Canada’s population now stands at nearly 40.1 million people
The latest data shows a 46% year-over-year increase in NPRs in Canada. The majority of growth comes from an increase in work and study permits. It is the highest growth in NPRs since records began being kept in 1971/72.
The country’s population was estimated at 40,097,761 on July 1, 2023, an increase of 1,158,705 people (+2.9%) from July 1, 2022 and nearly 100,000 more than the milestone of 40,000,000 reached in June 2023.
This means Canada continues to lead G7 countries for population growth and is among the top 20 countries for population growth globally. The latest number shows the highest population growth rate recorded for a 12-month period since 1957 (+3.3%).
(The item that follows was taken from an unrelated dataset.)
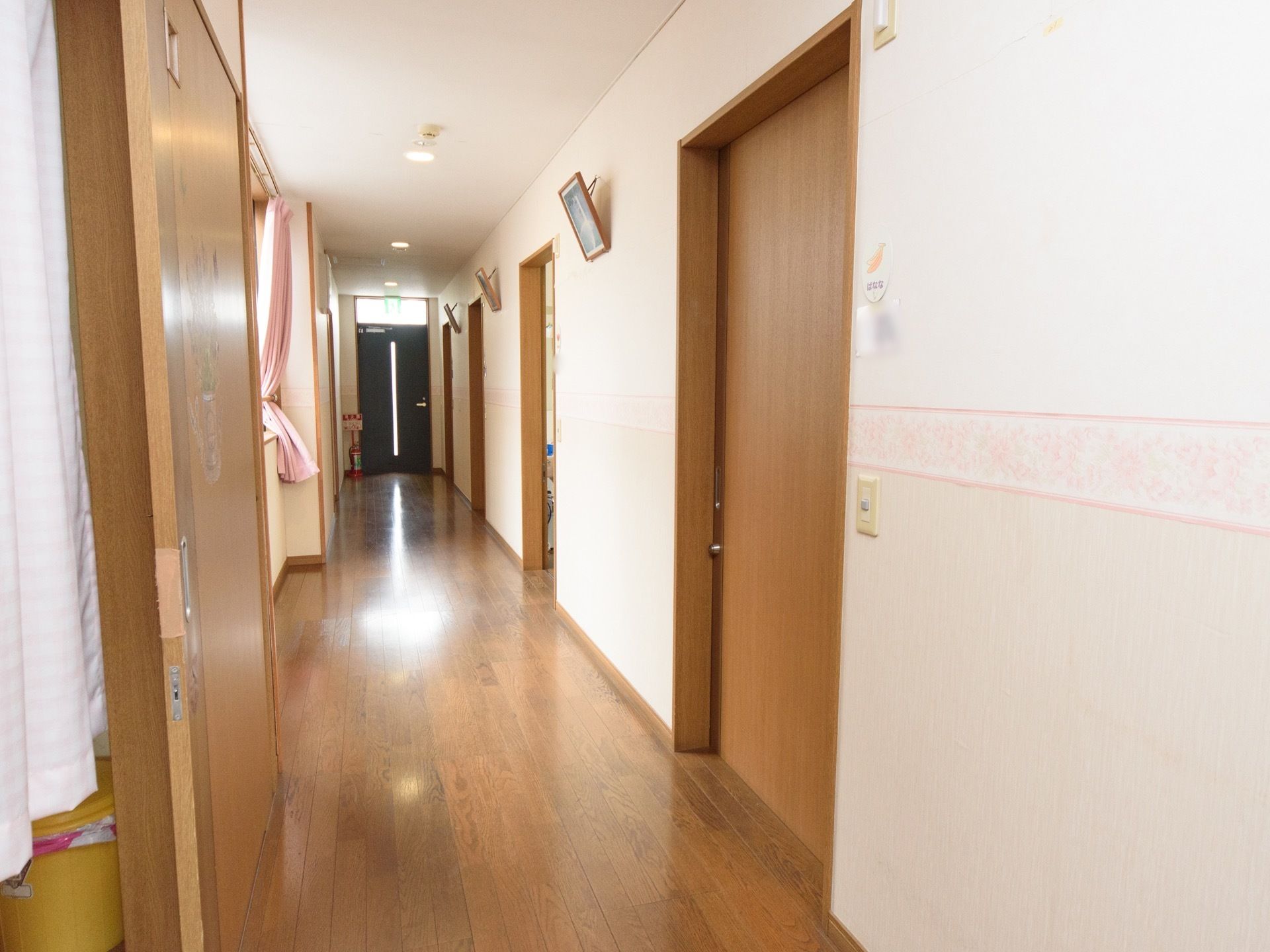 フローリングの広い廊下が続いている。採光窓から入ってくる外光と照明で、明るく見通しが良くなっている。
Statistics Canada estimates that if the rate of population growth seen this past year remains constant in the future, it would lead to the Canadian population doubling in 25 years.
The report notes that close to 98% of the growth in the Canadian population from July 1, 2022, to July 1, 2023, came from net international migration, with 2% coming from the difference between births and deaths.
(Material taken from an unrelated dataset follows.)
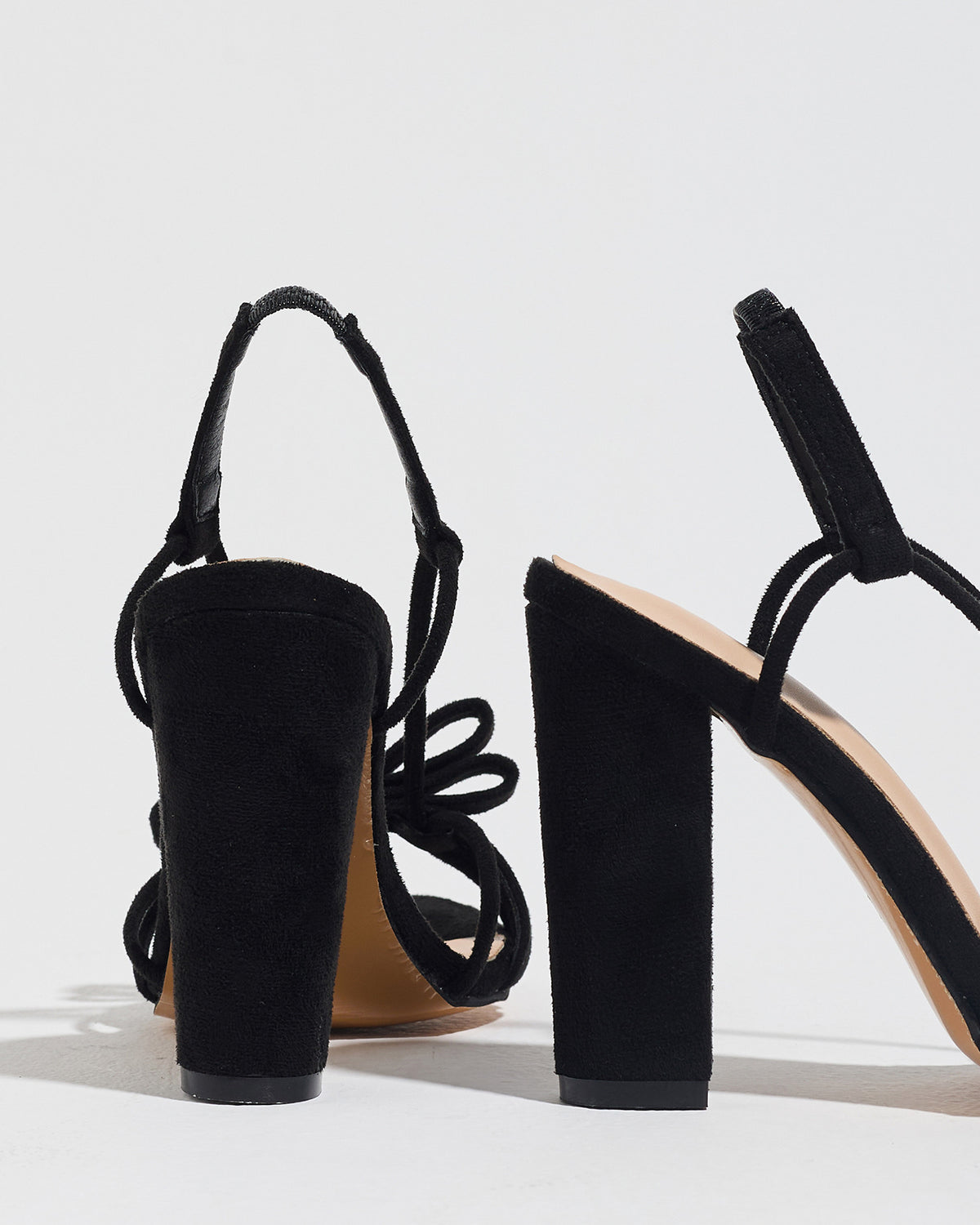 Mescini black knotted bow strappy block heel sandals, seen from behind at an angle, US women's sizes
The large growth from international migration is due to nearly 470,000 new permanent resident landings, and an increase in the number of NPRs by almost 700,000 people.
The number of NPRs holding a work permit was estimated at over 1.4 million people in July 2023, up 64% compared to the nearly 870,000 people in July 2022. Statistics Canada notes that much of this growth can be attributed to the arrival of Ukrainians following the invasion of their country by Russia.
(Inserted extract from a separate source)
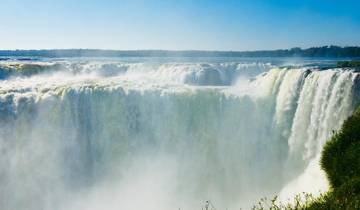 A powerful waterfall with mist rising up from the base.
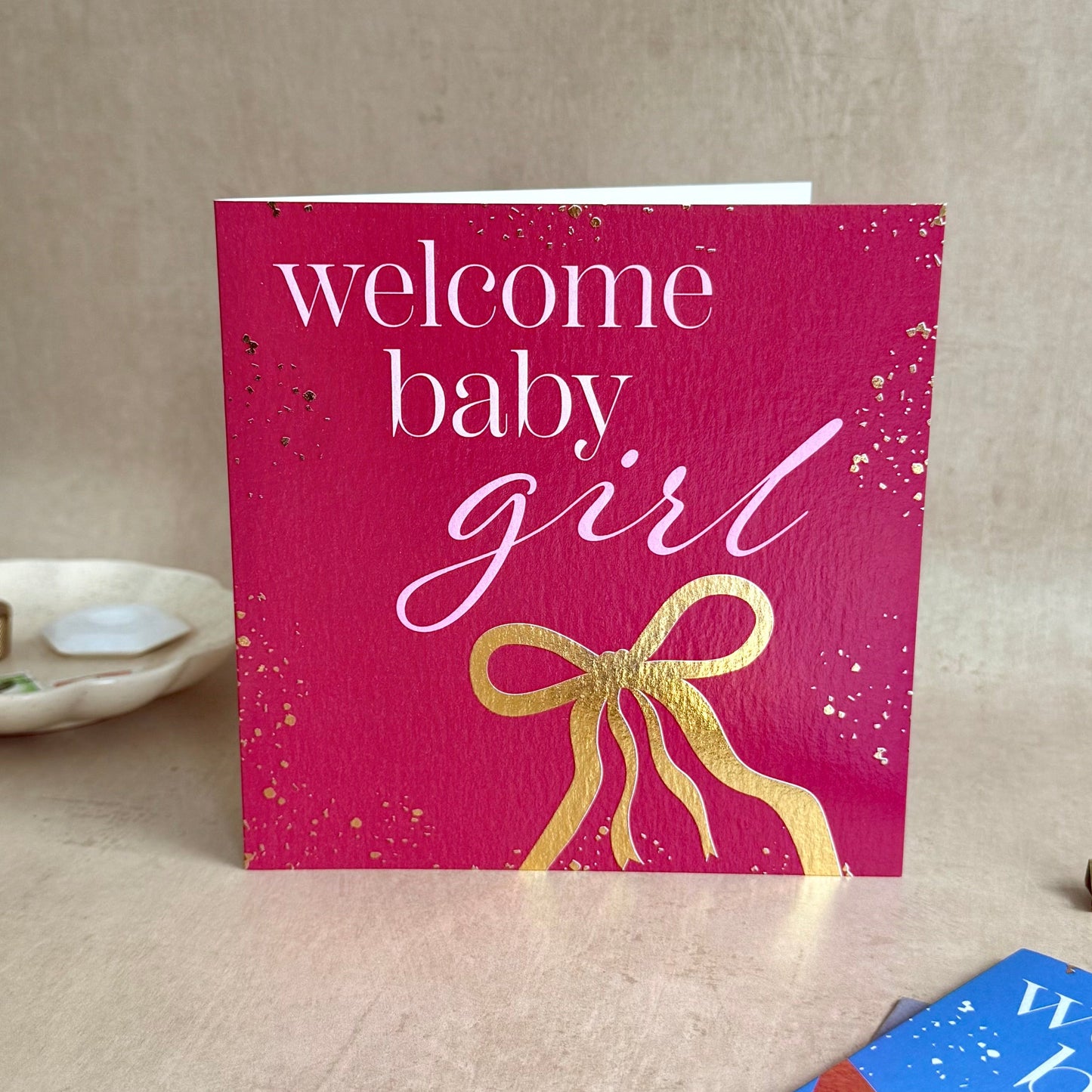 Pink card with 'welcome baby girl' text and gold bow on a beige surface.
Fertility rates in Canada reached record-low levels in 2022, with 1.33 children per woman, compared with 1.44 in 2021. Another recent report by Statistics Canada found that between 2018 and 2022, Canadian women had 20,000 fewer babies.
Statistics Canada’s revised approach to counting non-permanent residents
Statistics Canada constantly revises its demographic estimates to provide the most accurate numbers as possible. It now includes family members living with temporary permit holders in Canada. In addition, it has adjusted its methodology to better count those still in Canada after their temporary permit expires, but who are waiting for Immigration, Refugees and Citizenship Canada (IRCC) to review their extension application.
The Statistics Canada update comes following recent reports by CIBC Economics and the C.D. Howe Institute that found both the Statistics Canada annual census and the quarterly estimate of population growth were significantly undercounting NPRs such as students, temporary foreign workers, and temporary residents (TR).
CIBC estimated there could be as many as one million NPRs not accounted for in Canada’s population. It also noted that data from the 2021 census suggests that there were just under 925,000 NPRs in Canada, while the quarterly estimate suggested the count was 1.17 million.
Alberta grew the most
Alberta experienced the fasted demographic growth among all of Canada’s 13 provinces and territories, increasing by 4%. This growth is largely thanks to international migration and the increase in people from other parts of Canada moving to the province. Alberta led Canada with over 56,000 more people moving to the province than leaving it between July 2022 and July 2023.
Statistics Canada notes that seven provinces also experienced record population growth: Prince Edward Island, New Brunswick, Quebec, Ontario, Manitoba, and Saskatchewan.
Prince Edward Island (3.9%), Nova Scotia (3.2%), and New Brunswick (3.1%) all enjoyed strong population growth, while Newfoundland and Labrador (1.3%) had the lowest growth among all the provinces.
Ontario and British Columbia grew by 3% each, while Manitoba (2.9%) and Saskatchewan (2.6%) came close behind.
Quebec also experienced a record-high population growth of 2.3%.
Immigration Levels Plan 2024-2026
Under Canadian law, the federal government is required to announce its immigration plan by November 1st during non-election years. As such, we will learn about Canada’s new permanent residence targets by early November. Under the current Immigration Levels Plan 2023-2025, Canada is looking to welcome 500,000 new permanent residents annually by 2025. The federal immigration minister Marc Miller recently said he expects Immigration Levels Plan 2024-2026 targets to either remain in line with the current plan, or be revised higher.